* _Activity_
Transcribe word for word the lines below from the line with "Llavero El emblema de la Ronda Venezuela" through the line with "Martinus Siki Yakin", ends included.

* _Stored data_
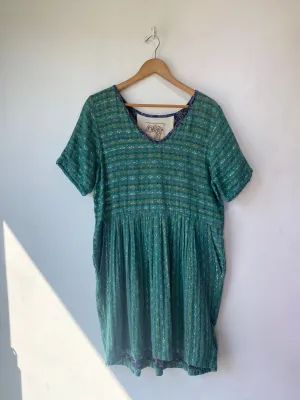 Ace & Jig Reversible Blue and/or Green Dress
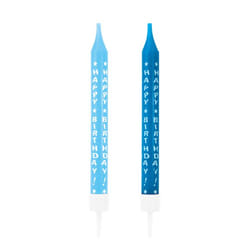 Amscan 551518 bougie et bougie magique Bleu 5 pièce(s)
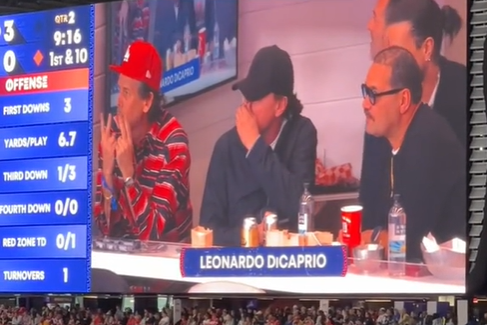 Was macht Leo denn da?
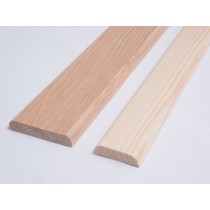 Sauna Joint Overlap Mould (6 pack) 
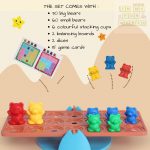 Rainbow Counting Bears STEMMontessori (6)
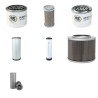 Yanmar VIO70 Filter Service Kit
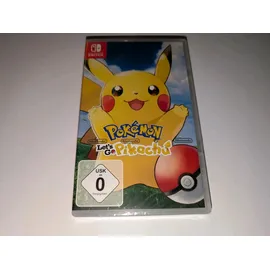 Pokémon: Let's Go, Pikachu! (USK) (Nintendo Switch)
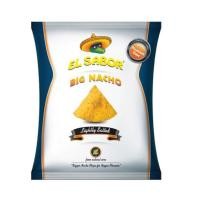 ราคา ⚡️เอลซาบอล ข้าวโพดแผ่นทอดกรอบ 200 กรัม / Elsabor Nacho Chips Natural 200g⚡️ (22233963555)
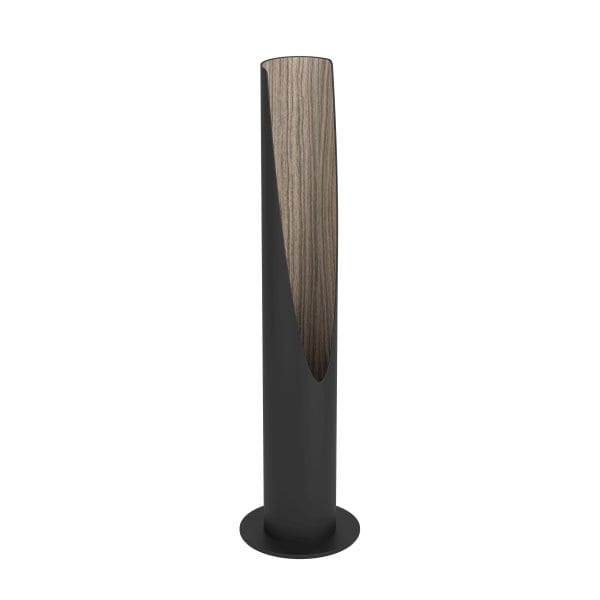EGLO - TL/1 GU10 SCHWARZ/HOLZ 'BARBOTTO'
--
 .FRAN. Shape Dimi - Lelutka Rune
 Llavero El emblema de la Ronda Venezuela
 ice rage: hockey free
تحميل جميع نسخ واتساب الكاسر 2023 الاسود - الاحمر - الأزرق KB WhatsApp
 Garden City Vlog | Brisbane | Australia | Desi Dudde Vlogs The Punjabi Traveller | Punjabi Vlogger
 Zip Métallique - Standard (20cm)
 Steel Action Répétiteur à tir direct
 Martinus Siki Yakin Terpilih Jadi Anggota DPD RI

* _Reply to the exercise_
 Llavero El emblema de la Ronda Venezuela
 ice rage: hockey free
تحميل جميع نسخ واتساب الكاسر 2023 الاسود - الاحمر - الأزرق KB WhatsApp
 Garden City Vlog | Brisbane | Australia | Desi Dudde Vlogs The Punjabi Traveller | Punjabi Vlogger
 Zip Métallique - Standard (20cm)
 Steel Action Répétiteur à tir direct
 Martinus Siki Yakin Terpilih Jadi Anggota DPD RI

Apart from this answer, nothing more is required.